# Hearse And Horse



## morbidmike (Sep 11, 2009)

Horse Skeleton And Hearse


----------



## Otaku (Dec 3, 2004)

Oh, yeah! The hearse driver looks like he might be the one responsible for the corpse being in the hearse! Nice job on the horse skelly - is the skull authentic?


----------



## IMU (Apr 8, 2009)

Very nice!


----------



## Doc Doom (Aug 28, 2008)

Way cool!


----------



## Rahnefan (May 1, 2009)

Great job on the props.

A Confederate flag in Michigan?


----------



## RoxyBlue (Oct 6, 2008)

I'm with Otaku - that driver has had one too many The horse is clearly much more sober.


----------



## nixie (Sep 17, 2008)

They all look amazing!!


----------



## scareme (Aug 29, 2006)

What have you been feeding that horse? I think he needs more of it. Great looking prop. Love the hearse.


----------



## smileyface4u23 (Apr 1, 2008)

Wow!
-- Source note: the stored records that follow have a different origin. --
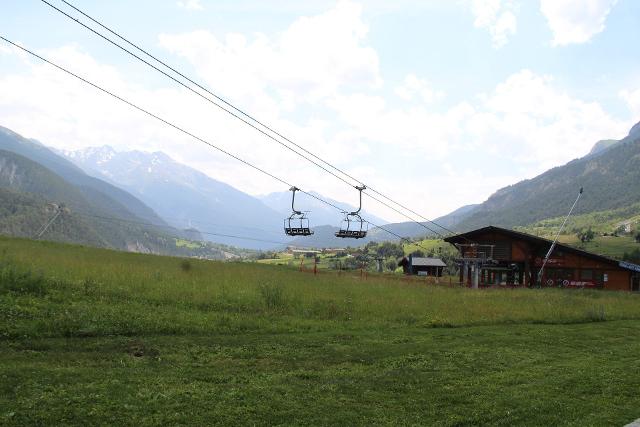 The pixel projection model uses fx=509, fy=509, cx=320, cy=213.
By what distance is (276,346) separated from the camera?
1703 cm

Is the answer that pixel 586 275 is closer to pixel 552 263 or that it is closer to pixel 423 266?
pixel 552 263

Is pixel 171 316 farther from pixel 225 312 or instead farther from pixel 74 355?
pixel 74 355

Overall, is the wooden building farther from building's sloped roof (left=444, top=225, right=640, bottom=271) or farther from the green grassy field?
the green grassy field

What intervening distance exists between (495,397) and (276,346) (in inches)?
284

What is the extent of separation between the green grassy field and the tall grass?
0.11m

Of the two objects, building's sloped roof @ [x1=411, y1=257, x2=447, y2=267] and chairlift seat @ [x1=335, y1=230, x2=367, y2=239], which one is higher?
chairlift seat @ [x1=335, y1=230, x2=367, y2=239]

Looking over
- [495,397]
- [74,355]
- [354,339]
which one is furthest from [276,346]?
[495,397]

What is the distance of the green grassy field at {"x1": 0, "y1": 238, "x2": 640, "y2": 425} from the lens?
1087cm

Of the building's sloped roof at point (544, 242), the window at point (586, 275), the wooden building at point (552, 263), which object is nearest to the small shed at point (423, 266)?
the wooden building at point (552, 263)

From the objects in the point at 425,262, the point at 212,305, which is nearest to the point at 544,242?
the point at 425,262

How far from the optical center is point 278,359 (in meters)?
15.5

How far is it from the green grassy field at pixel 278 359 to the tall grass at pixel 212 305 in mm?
107

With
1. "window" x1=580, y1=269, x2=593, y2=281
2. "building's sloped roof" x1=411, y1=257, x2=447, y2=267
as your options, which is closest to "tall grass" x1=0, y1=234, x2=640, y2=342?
"window" x1=580, y1=269, x2=593, y2=281

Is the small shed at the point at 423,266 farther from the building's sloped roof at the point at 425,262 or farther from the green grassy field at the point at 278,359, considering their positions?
the green grassy field at the point at 278,359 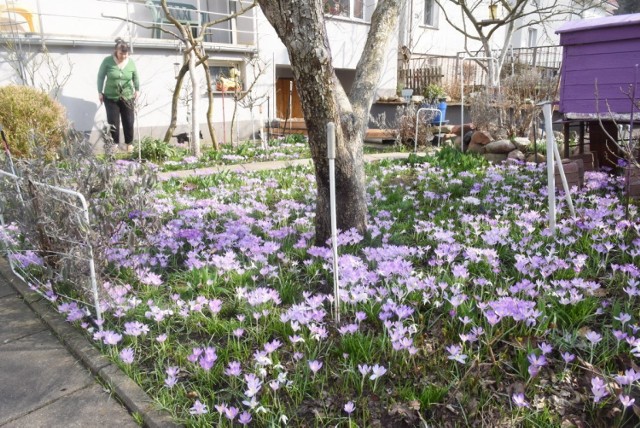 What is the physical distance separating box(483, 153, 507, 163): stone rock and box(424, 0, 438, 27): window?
12514mm

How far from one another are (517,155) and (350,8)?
385 inches

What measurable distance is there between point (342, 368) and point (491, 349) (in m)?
0.65

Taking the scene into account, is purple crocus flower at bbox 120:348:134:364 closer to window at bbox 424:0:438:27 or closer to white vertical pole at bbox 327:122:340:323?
white vertical pole at bbox 327:122:340:323

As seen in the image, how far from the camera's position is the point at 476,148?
25.4 feet

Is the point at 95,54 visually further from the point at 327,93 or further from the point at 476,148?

That is just fabulous! I have wanted one of these for years, but just don't have the storage room for one - I'm jealous of ya!


----------



## The Creepster (Sep 18, 2009)

good job! you can haul the bodies to me and I can burn them up!


----------



## Spooky1 (Aug 25, 2008)

Now that we can buy a skeleton horse, everyone will be trying to figure out how to make horse drawn hearses like yours.


----------